LegalZoom.com, Inc. is an American online legal technology and services company launched in 2001. It helps its customers create legal documents without necessarily having to hire a lawyer. Available documents include wills and living trusts, business formation documents, copyright registrations, and trademark applications. The company also offers attorney referrals and registered agent services.

Cited as a disruption to traditional consumer legal services, the company asserts that this disruption benefits people who otherwise could not hire a lawyer by expanding their access to legal services.

LegalZoom was founded by Brian S. Lee, Brian Liu, Edward Hartman, and Robert Shapiro.

Reception
Based on concerns that LegalZoom's services were a form of legal advice, the North Carolina State Bar issued a cease and desist order in 2008. After an investigation by a special referee, the court determined that LegalZoom's practices "do not constitute the unauthorized practice of law". Similar lawsuits in other states were settled or dismissed.

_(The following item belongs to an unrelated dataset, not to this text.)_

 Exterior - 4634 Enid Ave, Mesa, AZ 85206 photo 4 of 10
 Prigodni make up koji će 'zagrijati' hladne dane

The September 2012 issue of Consumer Reports magazine gave mixed reviews to the computer-aided legal forms generated by LegalZoom and two of its competitors, Nolo (formerly Nolo Press) and Rocket Lawyer. The evaluation found that all three companies provided documents "for a fraction of what you'd pay a lawyer." The Consumer Reports review also said that "[u]sing any of the three services is generally better than drafting the documents yourself without legal training or not having them at all. But unless your needs are simple... none of the will-writing products is likely to entirely meet your needs." It also found in some cases, the other non-will documents weren't specific enough or contained language that could potentially lead to an unintended result.

A 2016 analysis posted on the e-commerce blogging site "Blogtrepreneur" examined some of the reviews given to LegalZoom by experts and by its customers. The analysis found that "not all of the LegalZoom reviews have been flattering," but noted that the company is accredited by the Better Business Bureau, that it has been in business since 2001, and called LegalZoom "a fairly noteworthy and respected business."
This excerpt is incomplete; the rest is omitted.